▸ **AIM OF THE TASK**
Transcribe all of the data exactly. Omit the pictures.
** Opening DATA EXTRACT block **
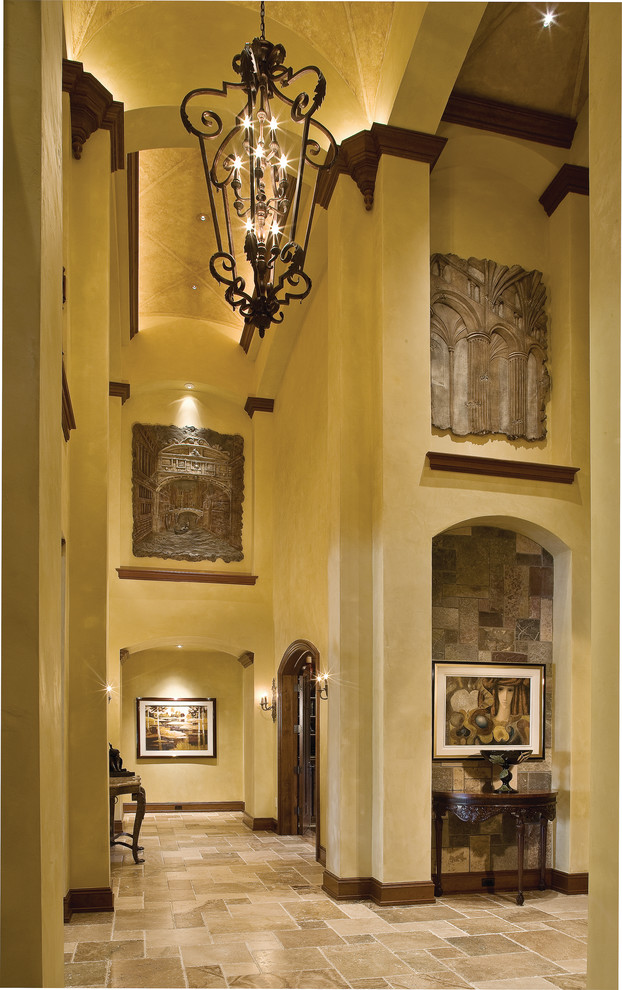 Пример оригинального дизайна: большой коридор в классическом стиле с бежевыми стенами и полом из травертина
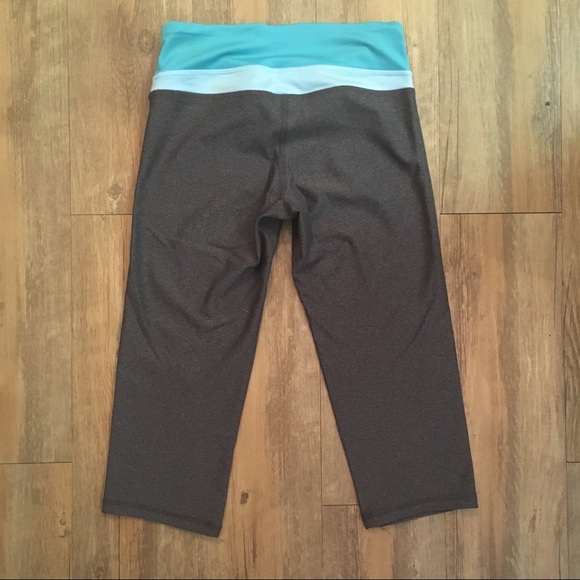 *SOLD*Champion's Women's Leggings, Grey (Teal Waist) - Picture 2 of 3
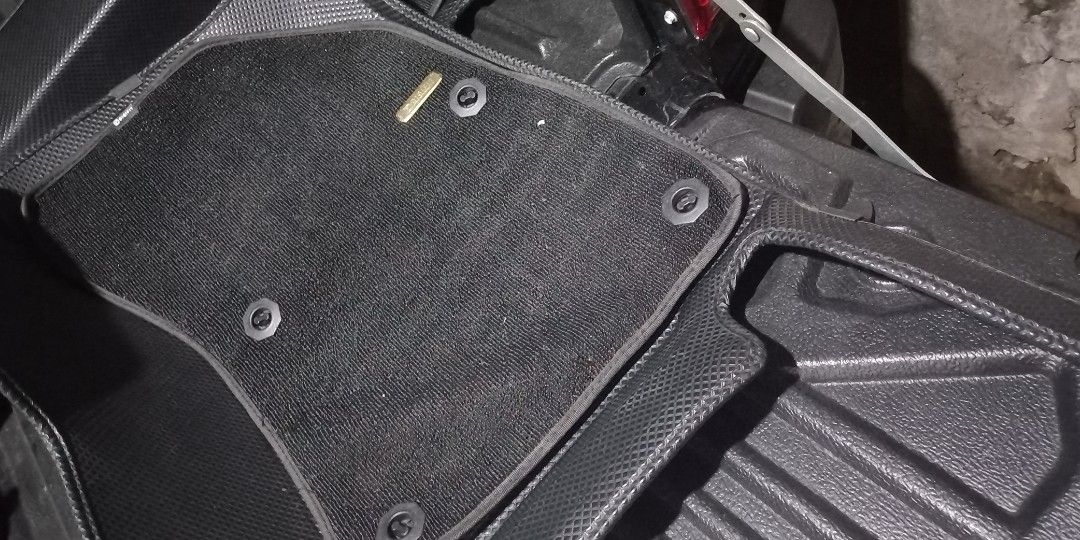 Premium deep dish matting. (Category: Upholstery, Seatcovers and Other Interior Parts and Accessories) located in Quezon City. Submitted by ceegee30 (Listing ID 1382806947, Image 1). Description: Toyota hilux premium deep dish matting..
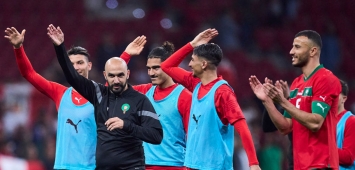 وليد الركراكي ونجوم المنتخب المغربي يبعثون التحية إلى الجماهير بعد التعادل أمام بيرو (Getty) ون ون winwin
** Closing DATA EXTRACT block **
▸ **COMPLETED EXERCISE**
 Пример оригинального дизайна: большой коридор в классическом стиле с бежевыми стенами и полом из травертина
 *SOLD*Champion's Women's Leggings, Grey (Teal Waist) - Picture 2 of 3
 Premium deep dish matting. (Category: Upholstery, Seatcovers and Other Interior Parts and Accessories) located in Quezon City. Submitted by ceegee30 (Listing ID 1382806947, Image 1). Description: Toyota hilux premium deep dish matting..
 وليد الركراكي ونجوم المنتخب المغربي يبعثون التحية إلى الجماهير بعد التعادل أمام بيرو (Getty) ون ون winwin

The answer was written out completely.